Today’s autocrats are hell-bent on taking over the world and forcibly imposing their rules on the rest of us. Vladimir Putin’s disastrous war on Ukraine is part of that grand strategy. He carefully planned his invasion and launched it at a time when he thought he had Europeans exactly where he wanted them. Western Europe had become so dependent on Russia for critical energy supplies that he assumed no one would lift a finger if he conquered Ukraine.

The autocrats know that to be victorious in their holy war, they will have to take down America, the leader of the free world. And for them, there is no better way to achieve that objective than to knock America off its economic perch. A growing number of countries are teaming up with Russia, China, Iran, and North Korea to do just that.
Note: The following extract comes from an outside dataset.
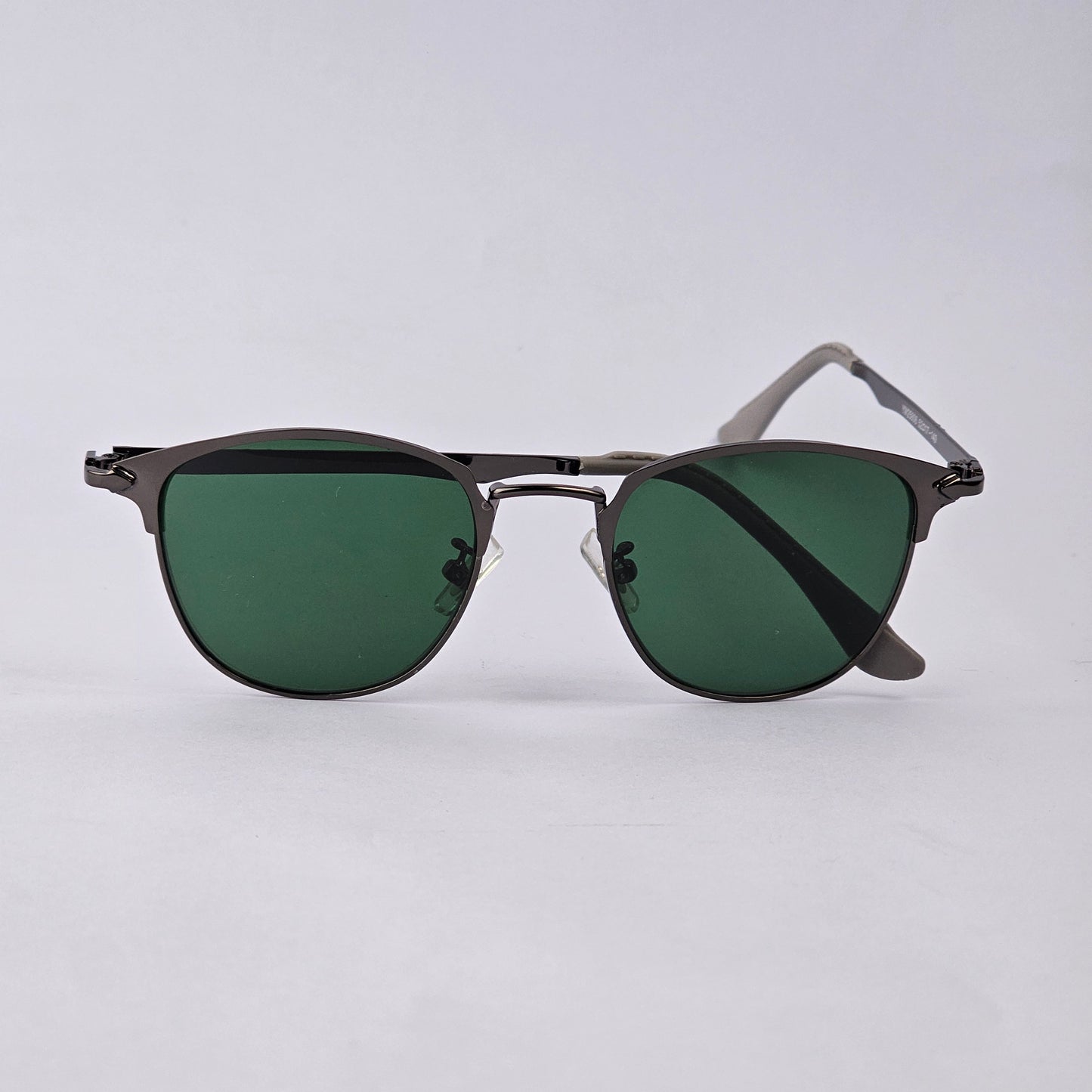 Mech - Unjaded - 25806 - Gun Metal - Unisex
One of this new bloc’s primary and immediate goals is to ditch the dollar as a trading currency. During a panel discussion at the New Global Financing Pact Summit held in Paris in June, 2023, the president of South Africa, Cyril Ramaphosa, spoke from the audience to Brazilian President Luis Inacio Lula da Silva (Lula), who was sitting on the stage. He told Lula that at a separate conference later that year, the two of them, together with allied countries, would make the design of an alternate trading currency a top agenda item. It was a stunning display of indecorum because U.S. Treasury Secretary Janet Yellen was on the stage with Lula.

Quite clearly, the leaders of this alliance hate America with a passion, and they are not at all bashful about openly expressing it.
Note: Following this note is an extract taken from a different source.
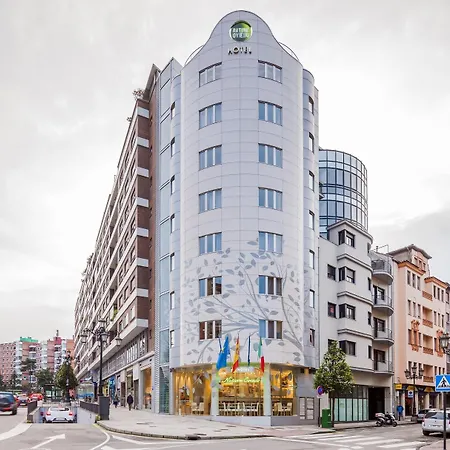 Hotell Nature 4*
America’s gigantic economy, which provides the best defense against these rising threats from our sworn enemies, requires enormous amounts of energy to power it. According to data published by Reuters, in 2023 the U.S. consumed about 20.5 million barrels of oil per day. S&P Global Platts data show that U.S. natural gas consumption averaged 86.5 billion cubic feet (Bcf) per day in 2023. Those are eye-popping numbers.

Thankfully, America is largely energy-independent. Currently, we produce about 13.3 million barrels of oil and around 105 Bcf of natural gas each day. With oil, we import our remaining needs mostly from our friendly neighbor, Canada. We are by far the leading producer of natural gas in the world, and we export our extra volumes to our allies in Europe and Asia.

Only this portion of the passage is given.